Instructions for the task: Write back every entry exactly as it reads, with the pictures left behind.

Records from a dataset:
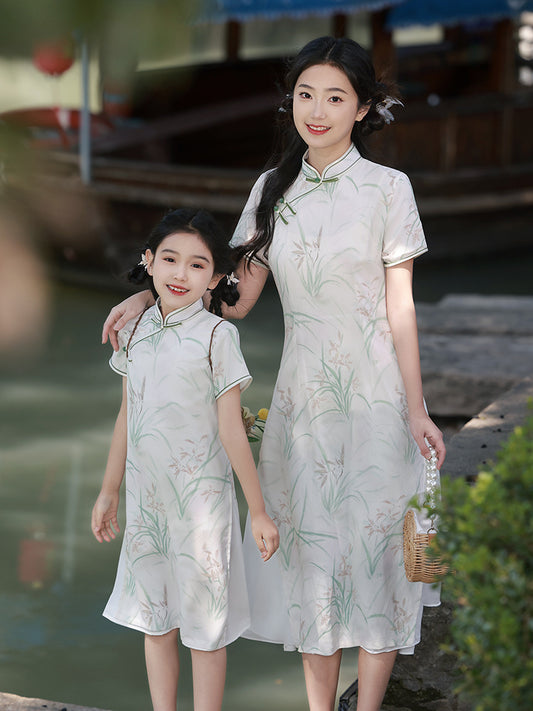 Cheongsam Dress Chinese Style Summer Light Parent-child Outfit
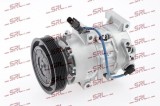 Compresor AC nou Hyundai Solaris/Accent 10-; Kia Rio 11-16, motor: 1.6, Doowon type: DVE12, Diam. fulie (mm) 124, SRLine, 977011R100; 97701-1W600
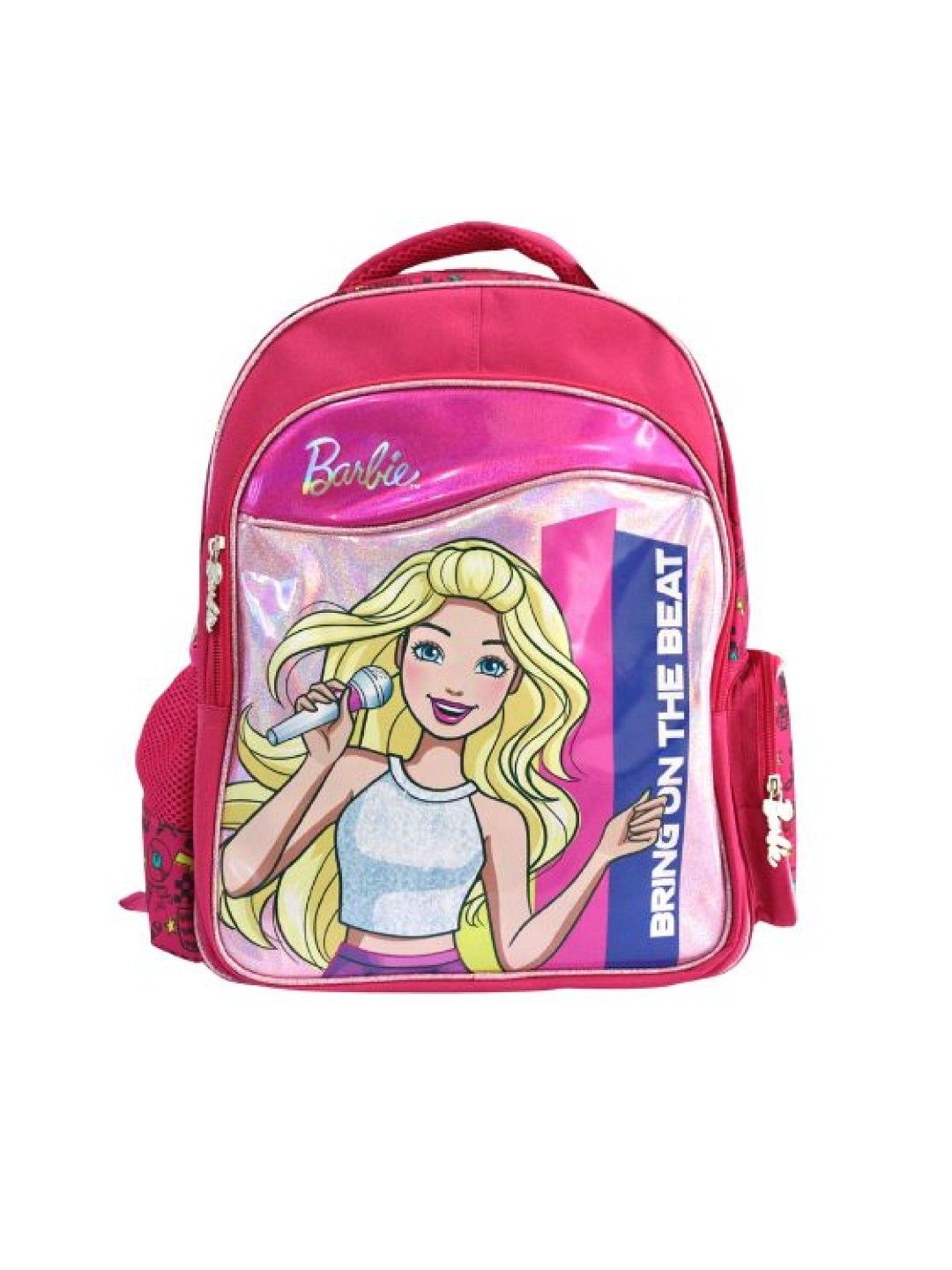 Barbie Singer Bring on The Beat 16inches School Backpack with built in Rain Hood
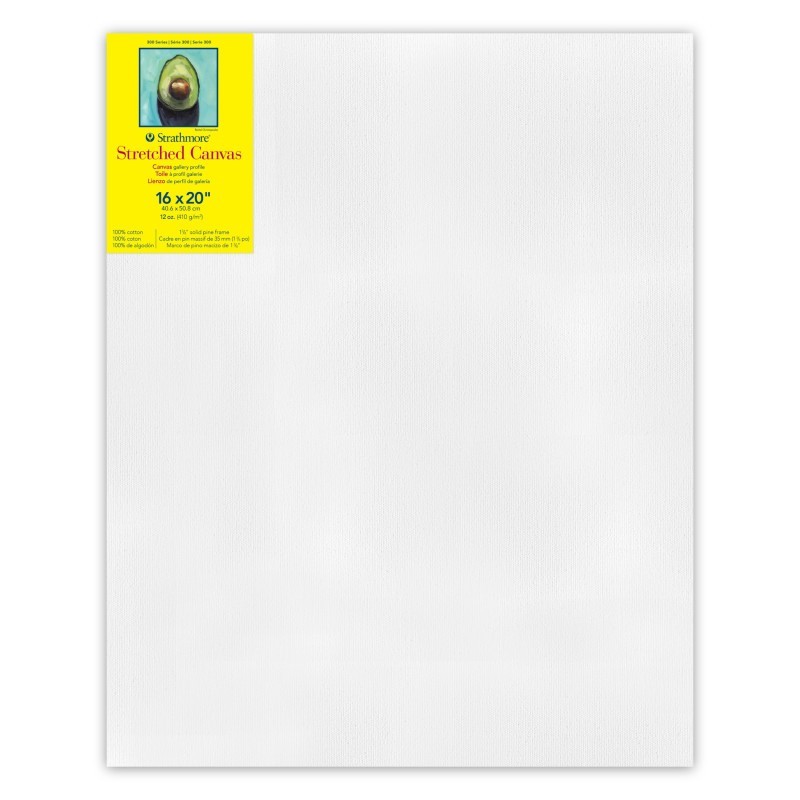 Strathmore 300 Series Gallery Stretched Canvas, 16x20 inch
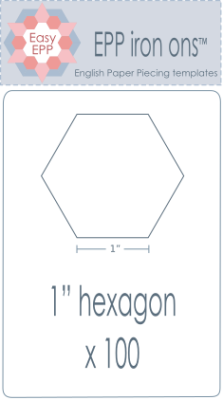1" Hexies x 100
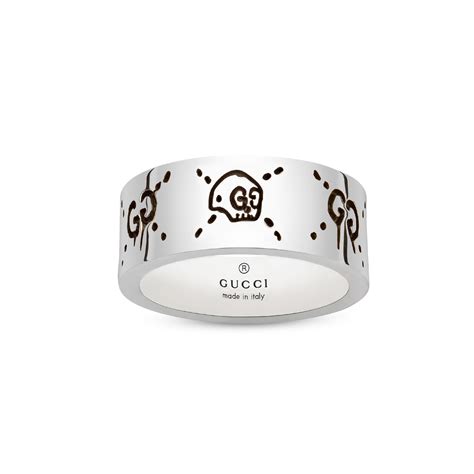 gucci ghost ring in silver|Gucci ghost ring sale.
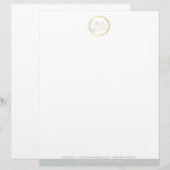 MODERN ARROW LOGO gold folie rustieke hand geteken Persoonlijk Briefhoofd (Voorkant / Achterkant)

Response to the exercise:
 Cheongsam Dress Chinese Style Summer Light Parent-child Outfit
 Compresor AC nou Hyundai Solaris/Accent 10-; Kia Rio 11-16, motor: 1.6, Doowon type: DVE12, Diam. fulie (mm) 124, SRLine, 977011R100; 97701-1W600
 Barbie Singer Bring on The Beat 16inches School Backpack with built in Rain Hood
 Strathmore 300 Series Gallery Stretched Canvas, 16x20 inch
1" Hexies x 100
 gucci ghost ring in silver|Gucci ghost ring sale.
 MODERN ARROW LOGO gold folie rustieke hand geteken Persoonlijk Briefhoofd (Voorkant / Achterkant)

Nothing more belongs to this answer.